Rights Group Targets Rapper’s Clothing Line
NEW YORK — Members of a workers-rights organization alleged Tuesday that hip-hop impresario Sean “P. Diddy” Combs’ clothing line is being manufactured in a Honduran sweatshop that fires workers for being pregnant.
“These women don’t need to be trapped in misery,” Charles Kernaghan, director of the National Labor Committee, said at a news conference in front of the Fifth Avenue clothing store that Combs plans to open this spring.
He accused the Southeast Textiles S.A. factory in Choloma, Honduras, of forcing unpaid overtime on its workers and barring bathroom visits without permission. He appeared with Lydda Eli Gonzalez, 19, who said she had been fired from her job at the factory after 13 months and had endured abusive working conditions.
The factory’s owner, Steve Hawkins, told Associated Press that the claims of substandard conditions were “completely groundless.”
Jeff Tweedy, executive vice president of Sean John, the clothing company owned by Combs, said in a statement that the company was “shocked” at the group’s allegations and had no knowledge of any wrongdoing.
Tweedy said that extensive compliance checks are conducted at all facilities supplying Sean John to ensure they are clean and safe. “We will not tolerate any violation of labor laws at facilities in which our merchandise is manufactured,” he said.
He pledged that an investigation would be launched, and if any proof of wrongdoing is found, Combs’ company would immediately terminate its relationship with the factory.
In a report, the National Labor Committee said corporate audits of the factory were “a sham,” and to a large extent were “staged events” designed to make a good impression.
Kernaghan said his group did not want Combs to cease ties with the factory, but rather to demand better working conditions there. “These women need these jobs,” he said. “And they are willing to work very hard but they want to be treated like human beings.
“This is not an attack upon Mr. Combs,” Kernaghan said. “I believe he doesn’t understand or doesn’t know the conditions around the world in the factories which are producing his goods. This is an appeal to Mr. Combs to do the right thing.”
At the sidewalk news conference, Gonzalez said that workers were not paid overtime and that supervisors would “stand over us shouting and cursing at us to go faster.... They call us filthy names.”

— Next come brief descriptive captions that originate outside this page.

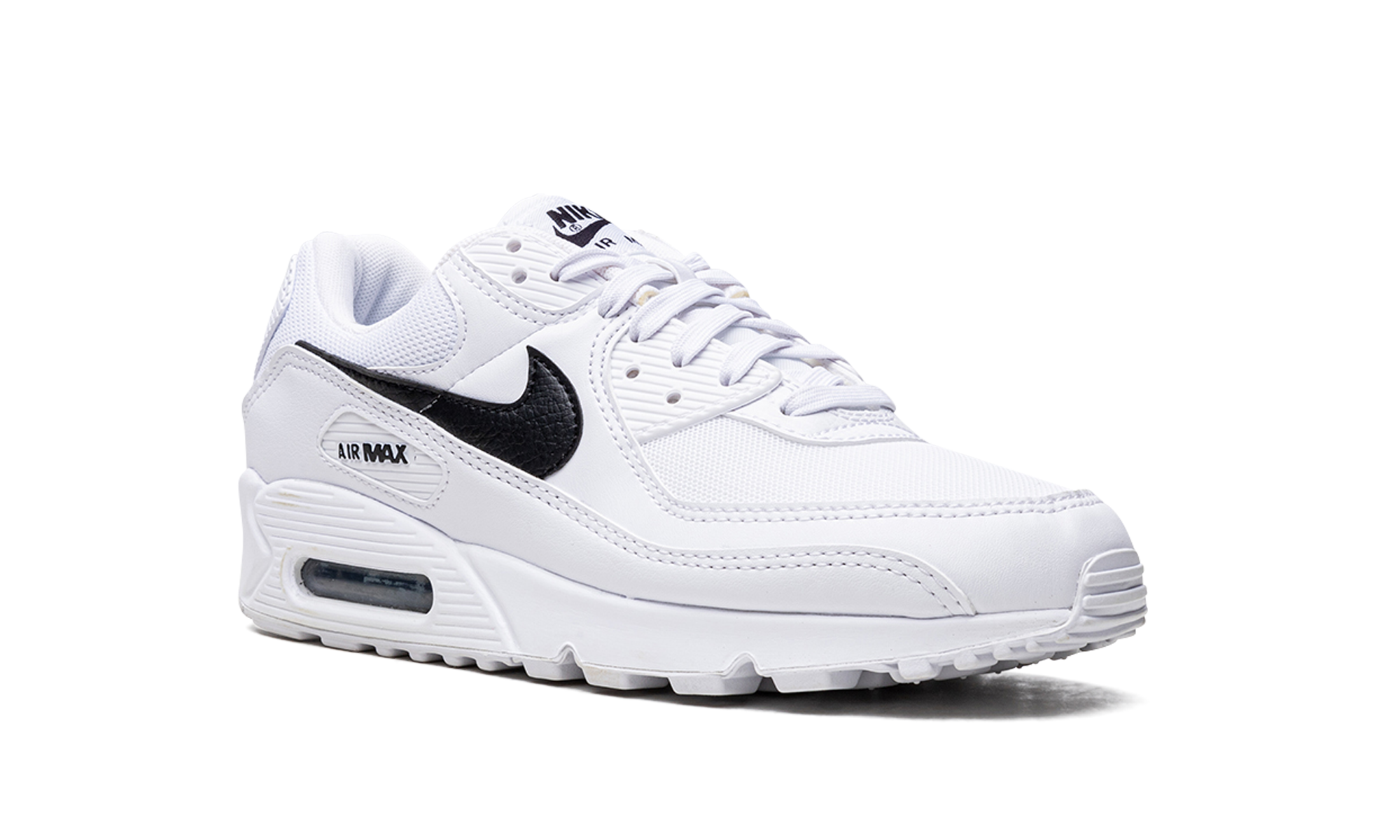 Air Max 90 Nn Mns Women "White/black"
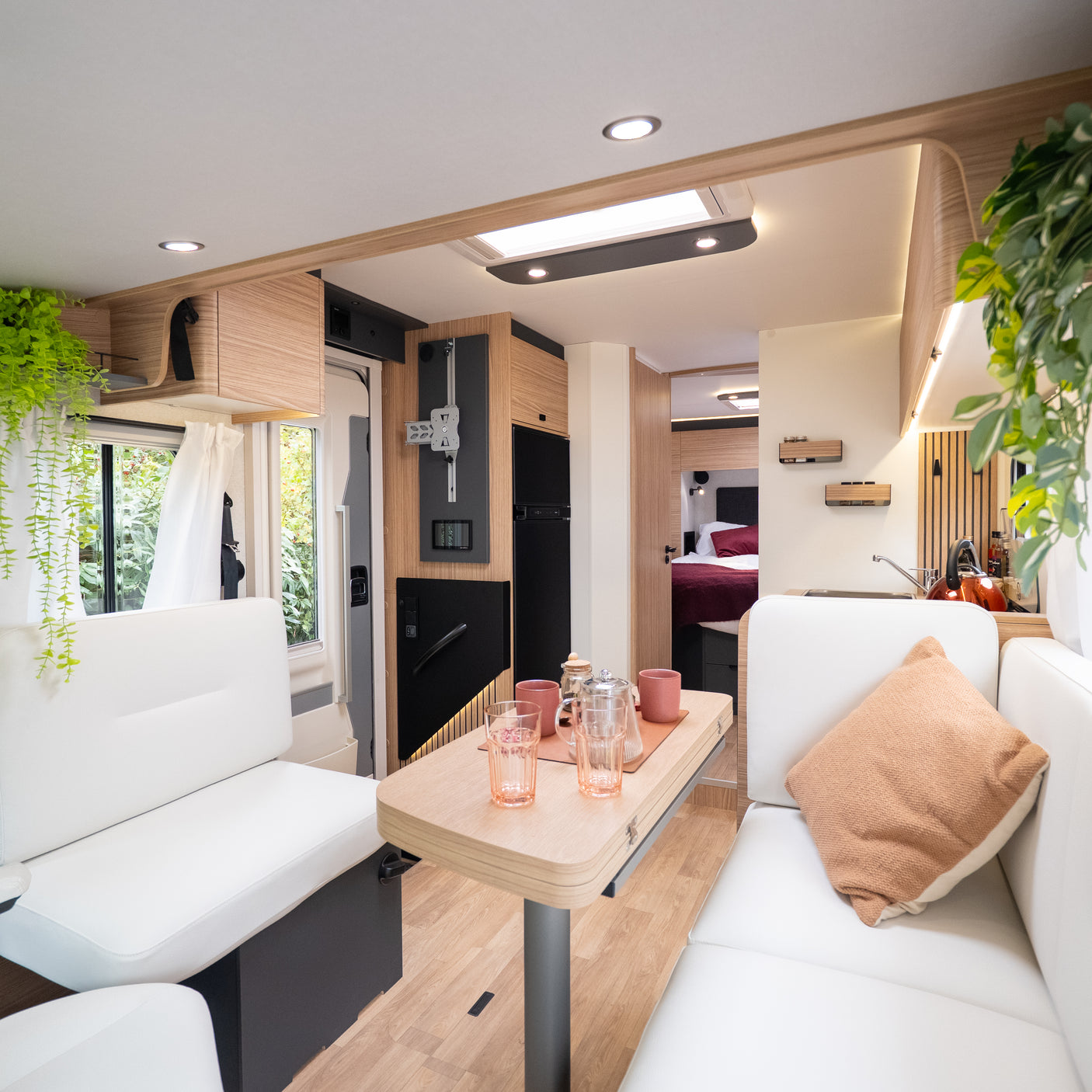 Brand new Automatic Pilote A Class Motorhome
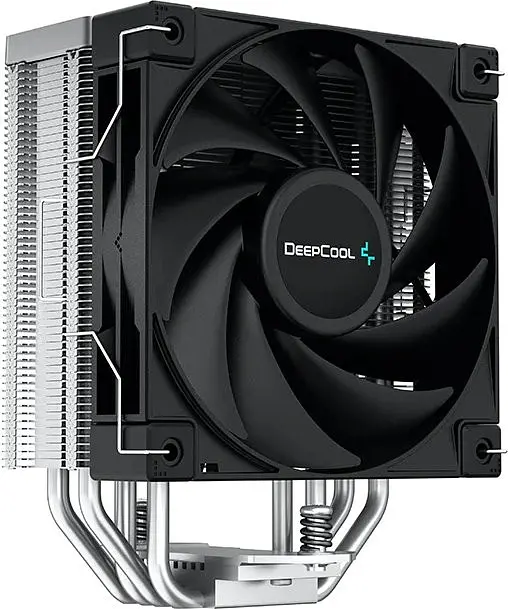 Кулер для процесора Deepcool AK400 1700 AM5 (R-AK400-BKNNMN-G-1) (AK400) - фото 2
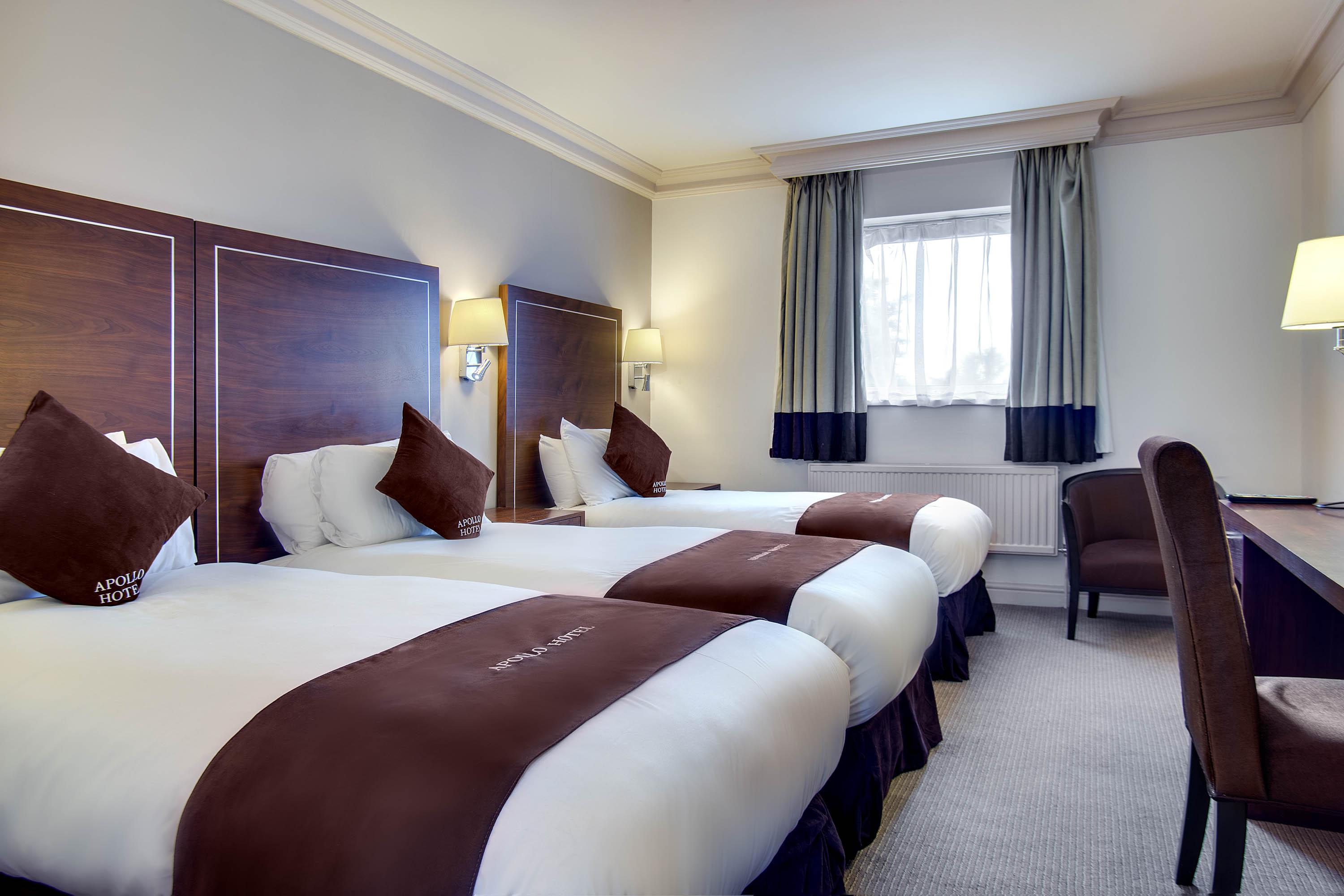 Apollo Hotel Birmingham Esterno foto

She said the factory was hot and dusty. “You breathe it in, and you go into the factory with black hair, and you come out with hair that is white or red or whatever the color of the shirts you are working on,” Gonzalez added.
Gonzalez alleged that employees were forbidden to talk while working on garments, and that all new workers were required to take a pregnancy test.
“If it comes out positive, they are fired,” she said.
Hawkins, a native of North Carolina, said Gonzalez was a disgruntled worker fired for producing poor quality merchandise, not clocking in when she arrived and repeatedly showing up late.
When Gonzalez was fired, she received a severance check equivalent to 2 1/2-months’ salary, Hawkins told Associated Press. While the minimum wage in Honduras is 55 cents an hour, he said his workers are paid an average of 90 cents an hour.
Kernaghan, who exposed labor violations at plants that produced garments for Kathie Lee Gifford’s clothing line eight years ago, said that his efforts to contact Combs to request a meeting had been unsuccessful.